---------- Listed records ----------
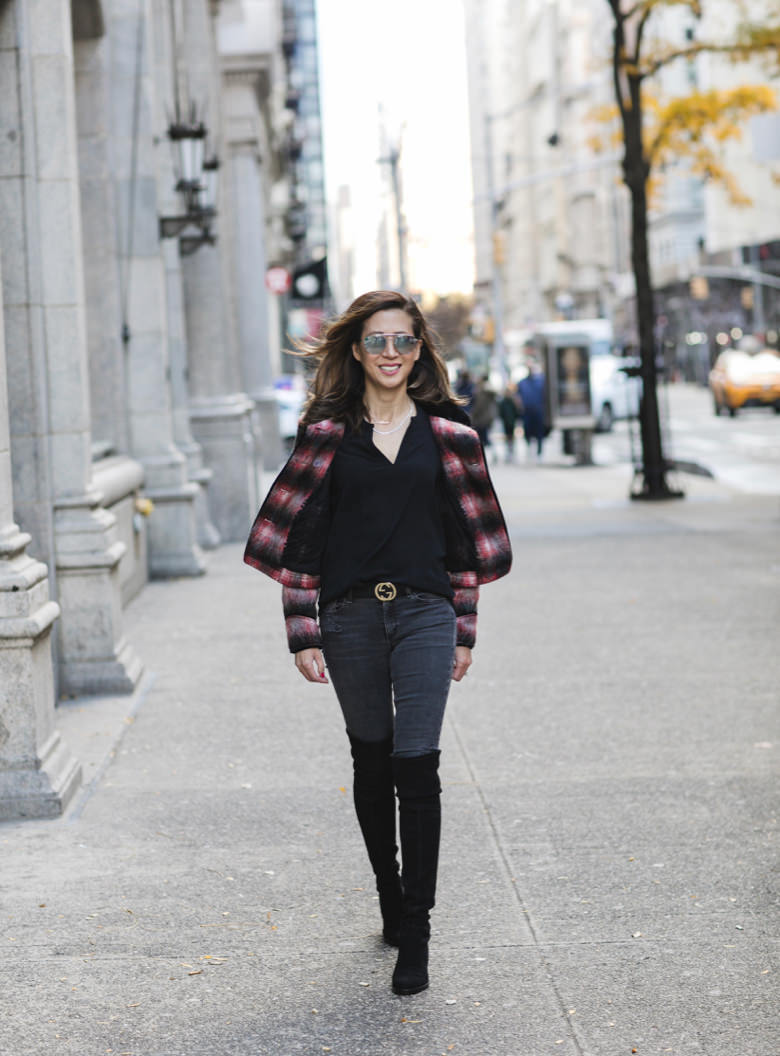 Cold Weather Clothing, Accessories + OOTD in Flatiron NYC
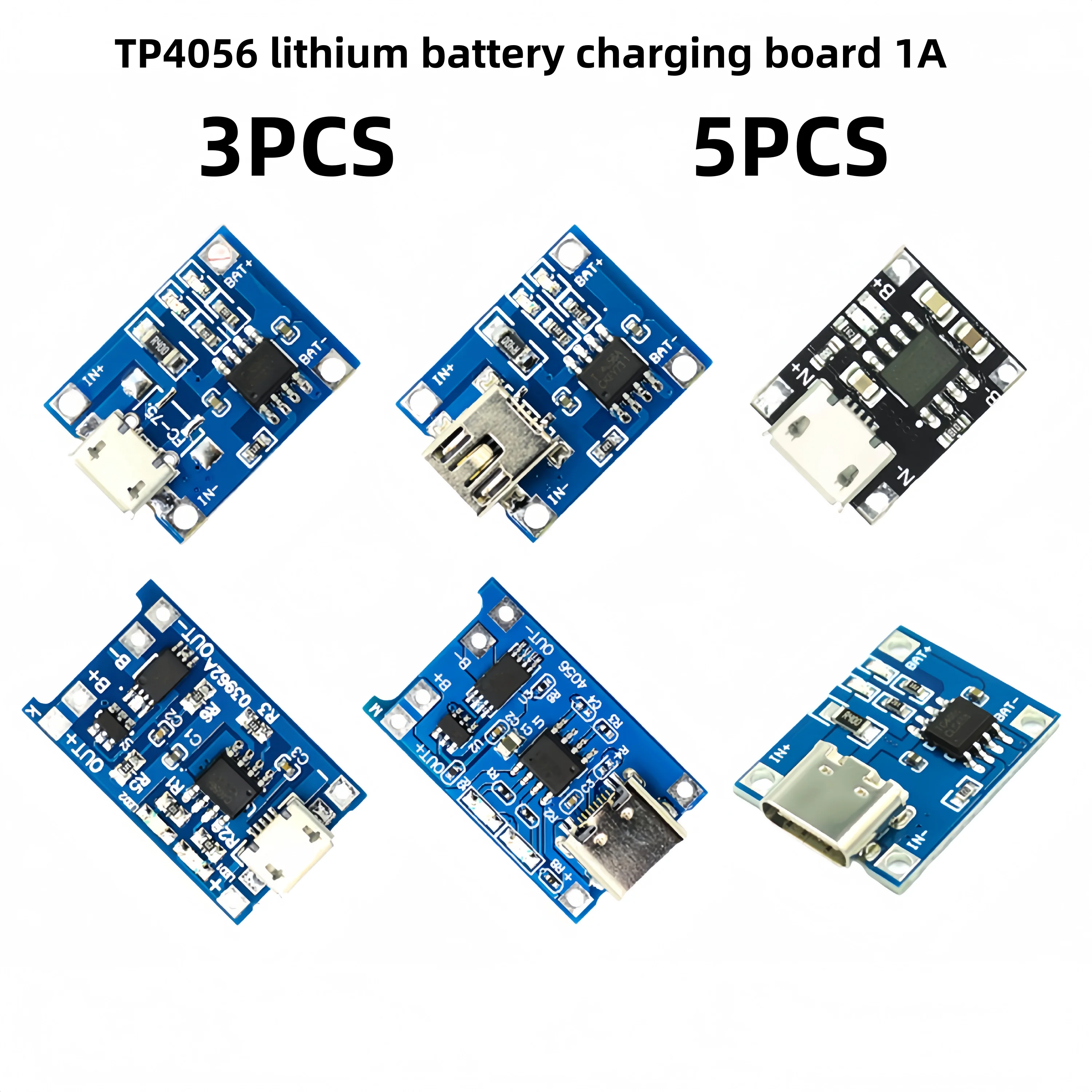 TP4056|18650 lithium battery 3.7v 3.6V 4.2V lithium battery charger board 1A overcharge and overdischarge protection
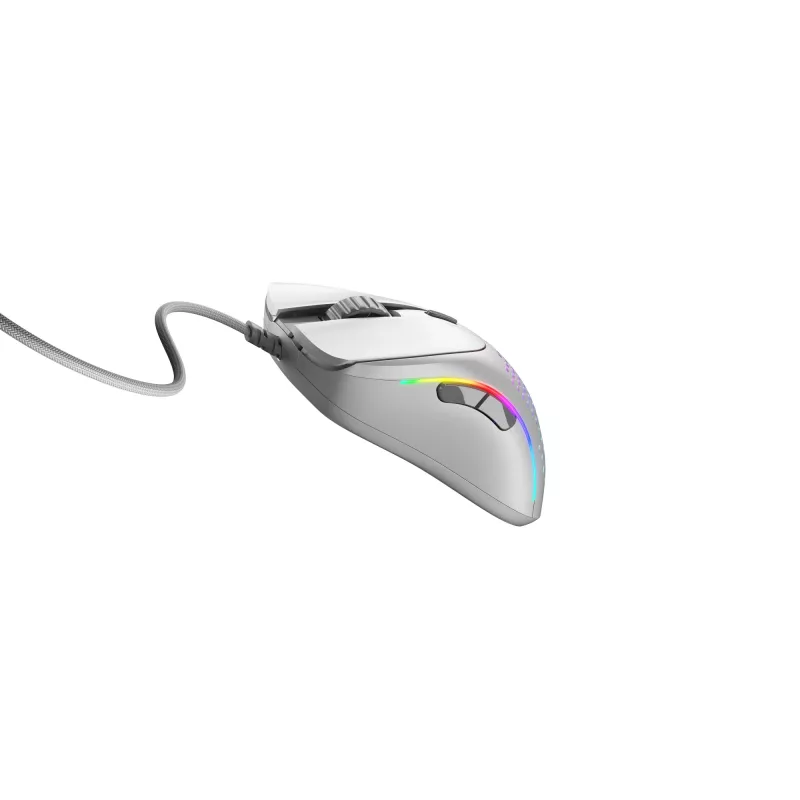 Glorious Gaming Glorious Model D 2 Wired - Matt valge, paremakäeline, optiline, USB Type-A, 26000 DPI, valge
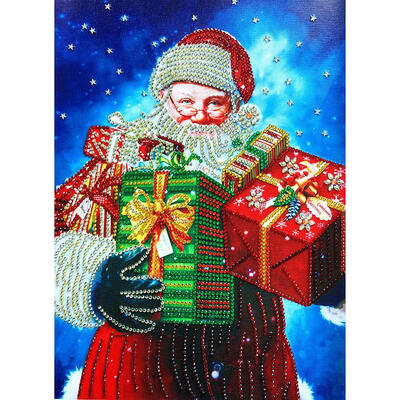 

5D DIY Special-shaped Diamond Painting Santa Claus Cross Stitch Embroidery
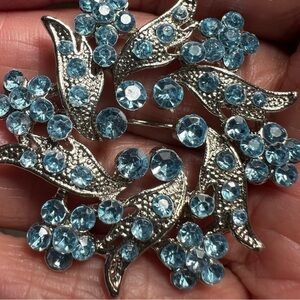 Vintage Blue Floral Wreath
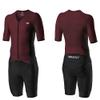 Logas Mens Triathlon Suit Trisuit Race Skinsuit Cycling Speed Suit Swimskin Bike Swim Run view 1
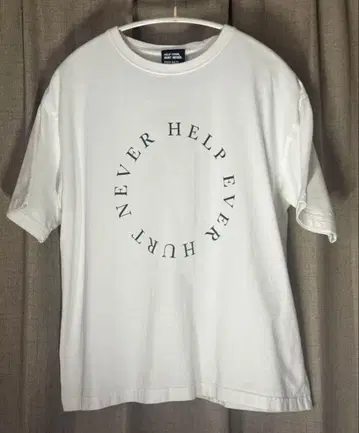 후지이 카제 HELP EVER HURT NEVER 서클 티셔츠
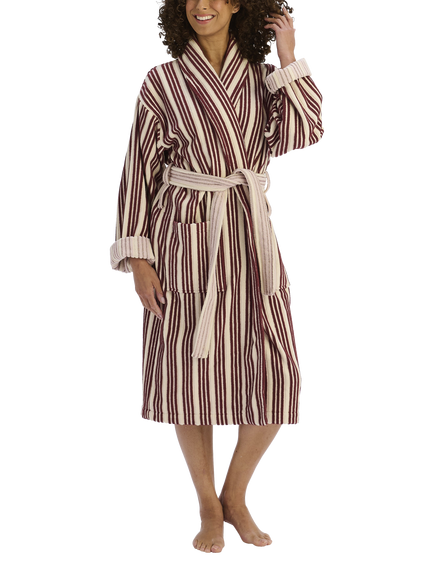 Christy Darwin Unisex Bath Robe - view 2, Blackberry & Rose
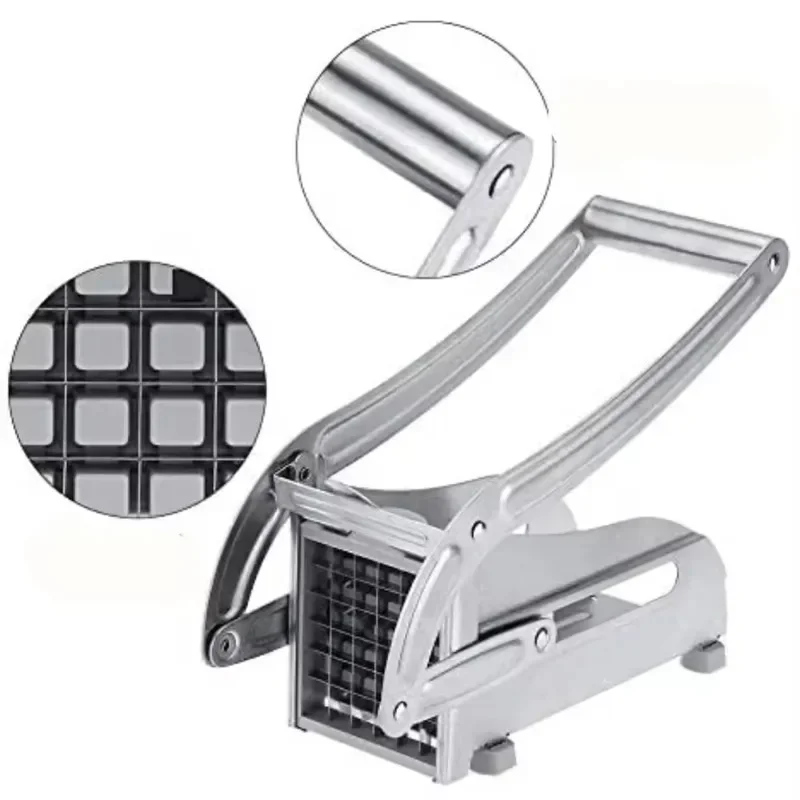 Manual Potato Cutter Meat Chopper Dicer Cutting Machine Stainless Steel French Fries Slicer Potato Chips Maker Tools for Kitchen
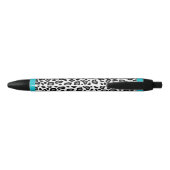 Stylo Noir Encre Empreinte de léopard rétro (Dos)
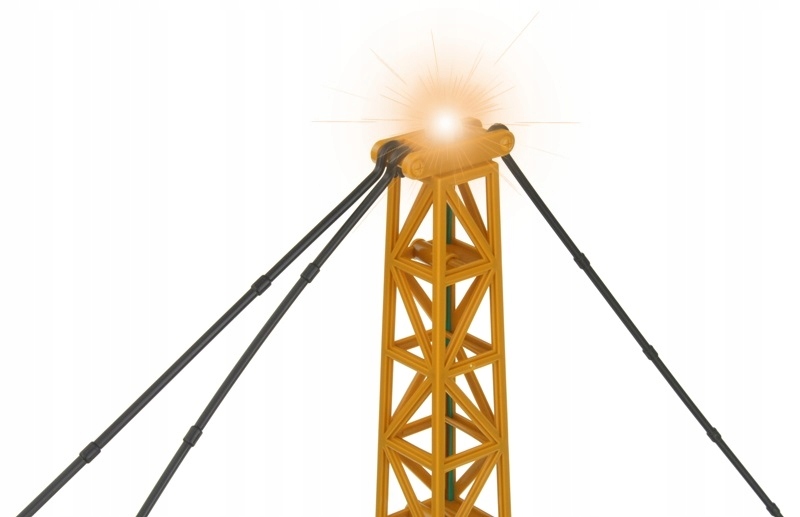 Dźwig Żuraw 130 cm Duży Sterowany Dźwig Pilot RC Bohater brak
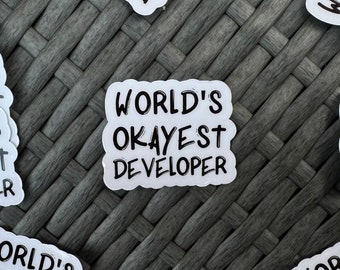 Adesivo trasparente per sviluppatori più azzeccati al mondo - Adesivo per laptop, adesivo per tablet, adesivo carino, adesivo per telefono, adesivo divertente, tecnologia, sviluppo, codice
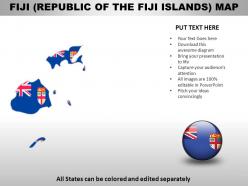 Fiji country powerpoint maps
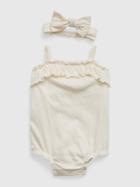 Baby Ruffle Bubble Shorty Set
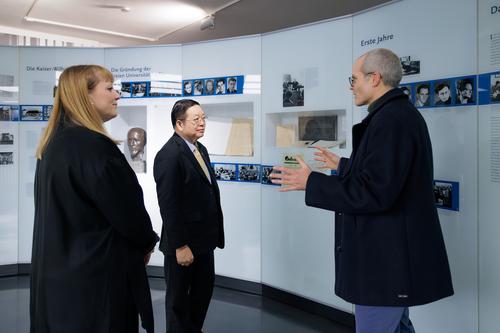 Unterwegs im Henry-Ford-Bau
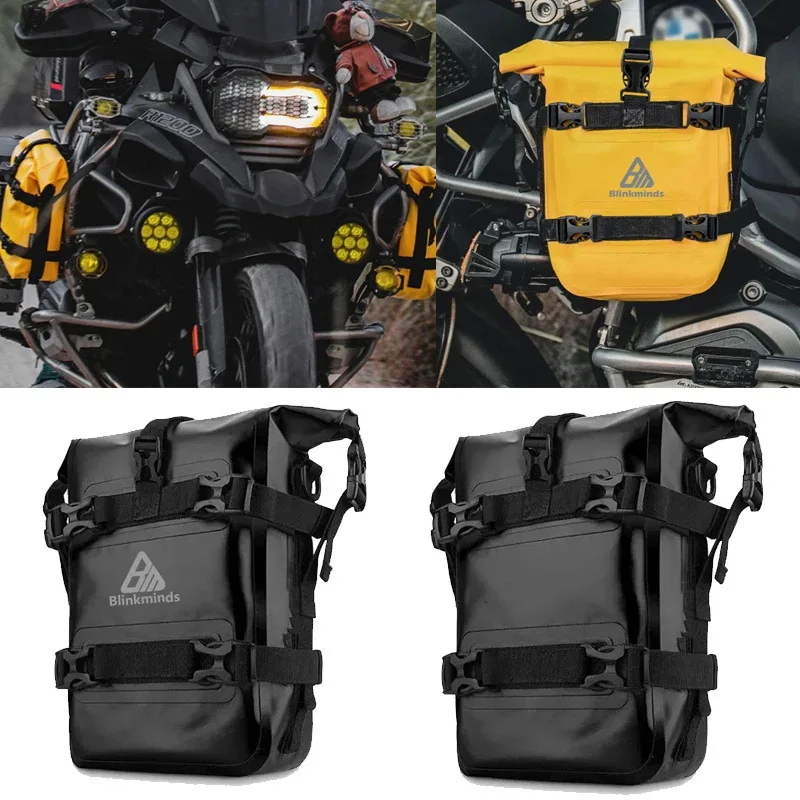 

Motorcycle Rear Rack Bag 8L Bicycle Dry Bags Motorcycle Seat Bag with Shoulder Strap Crash Bar Bag Motor Panniers Waterproof
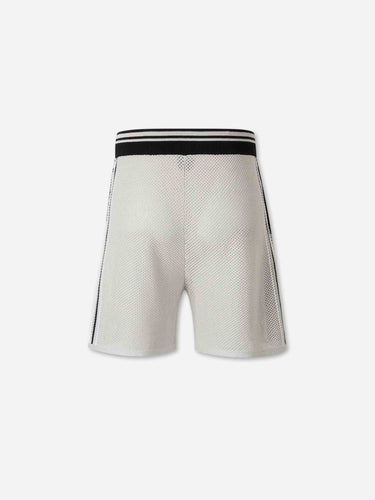 Casablanca Hombre Barcelona Bermudas Algodón Mesh color Blanco Y Negro sku 523-001361 01 - Foto 3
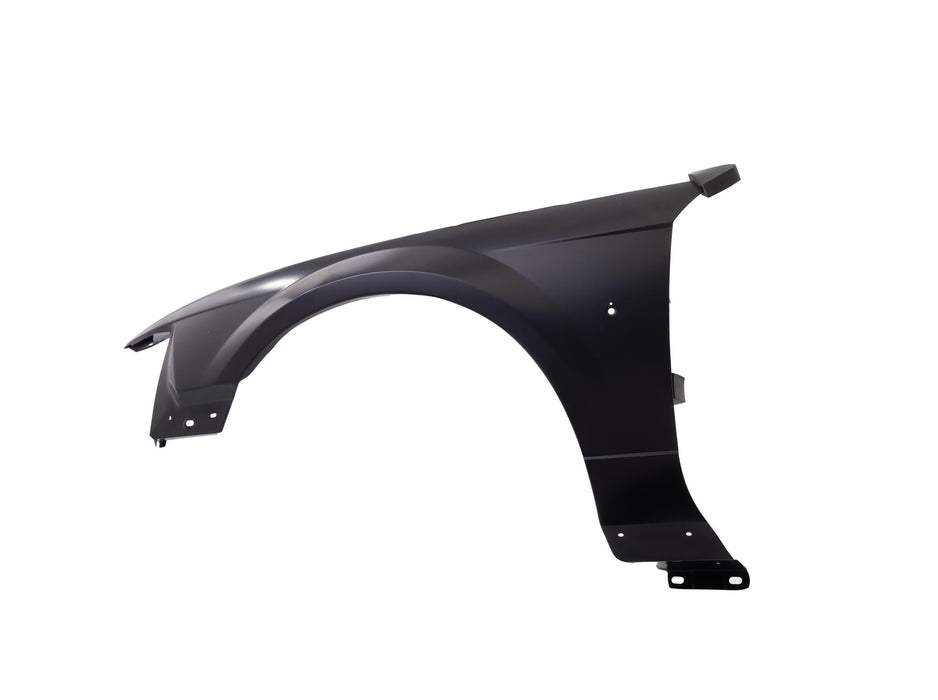 JustDrivably Replacement Parts Front Left Driver Side Fender Steel Compatible With Ford Mustang 1999 2000 2001 2002 2003 2004 Without Molding Holes With Body Cladding Holes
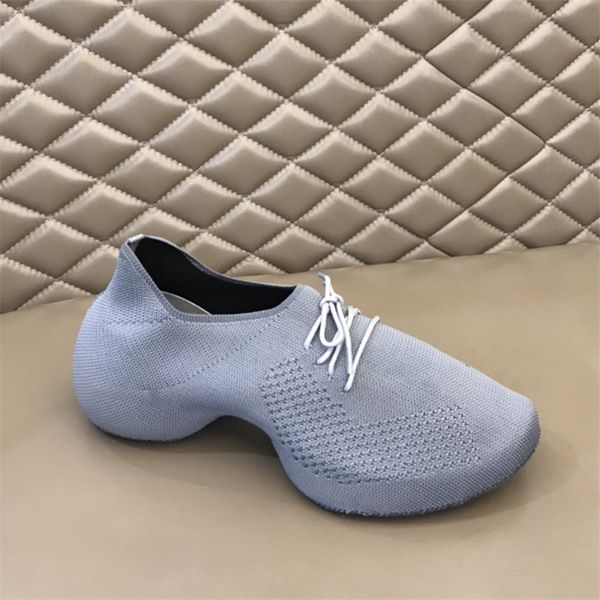 

lovers casual socks shoes breathable knitted sneakers lightweight fashion low heel running shoes, Black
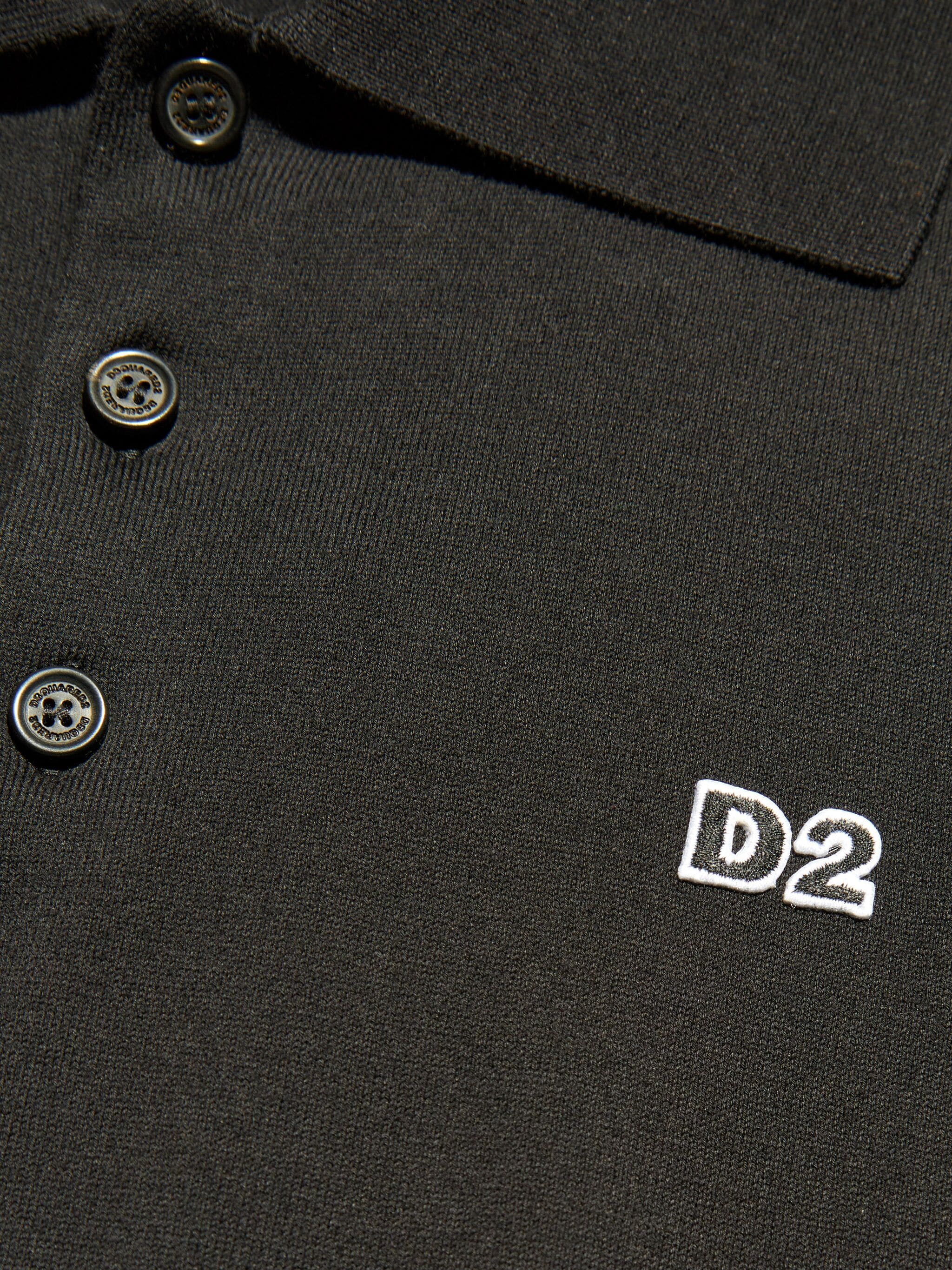 DSQUARED2 LOGO PATCH POLO SHIRT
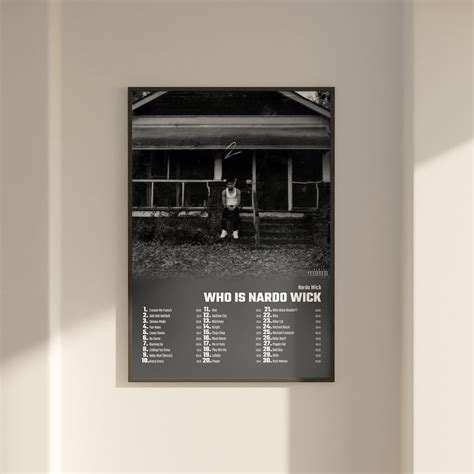 Nardo Wick Who is Nardo Wick Album Cover Poster Wall Art - Etsy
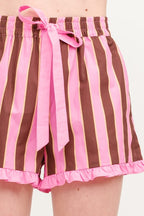 Salome Stripe Set- Pink/Brown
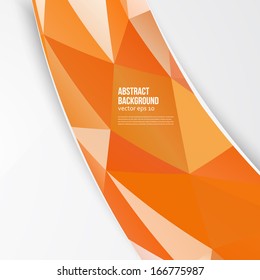 Vector polygon brochure. Abstract background pattern and line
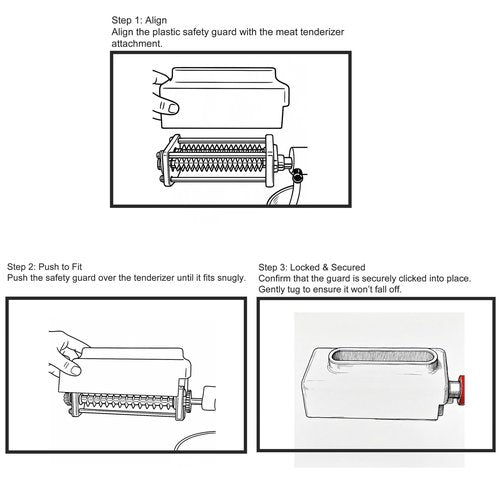 Meat Tenderizer Attachments for KitchenAid Stand Mixers, Accessories and Attachhments for Kitchen Aid with Sturdy Stainless Steel Gears Accessories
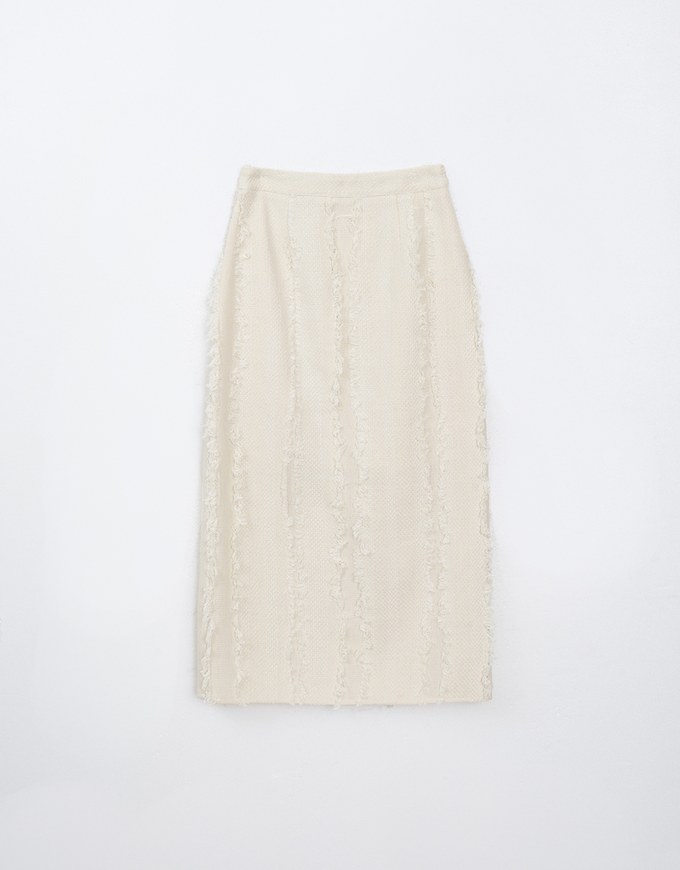 Raw Edge Heavyweight Maxi Skirt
----------
> _What is required_
The answer should consist only of the lines above from the one with "Glorious Gaming Glorious" through the one with "후지이 카제 HELP EVER HURT NEVER 서클 티셔츠", repeated exactly, with no pictures among them.

> _Response to this task_
 Glorious Gaming Glorious Model D 2 Wired - Matt valge, paremakäeline, optiline, USB Type-A, 26000 DPI, valge

5D DIY Special-shaped Diamond Painting Santa Claus Cross Stitch Embroidery
 Vintage Blue Floral Wreath
 Logas Mens Triathlon Suit Trisuit Race Skinsuit Cycling Speed Suit Swimskin Bike Swim Run view 1
 후지이 카제 HELP EVER HURT NEVER 서클 티셔츠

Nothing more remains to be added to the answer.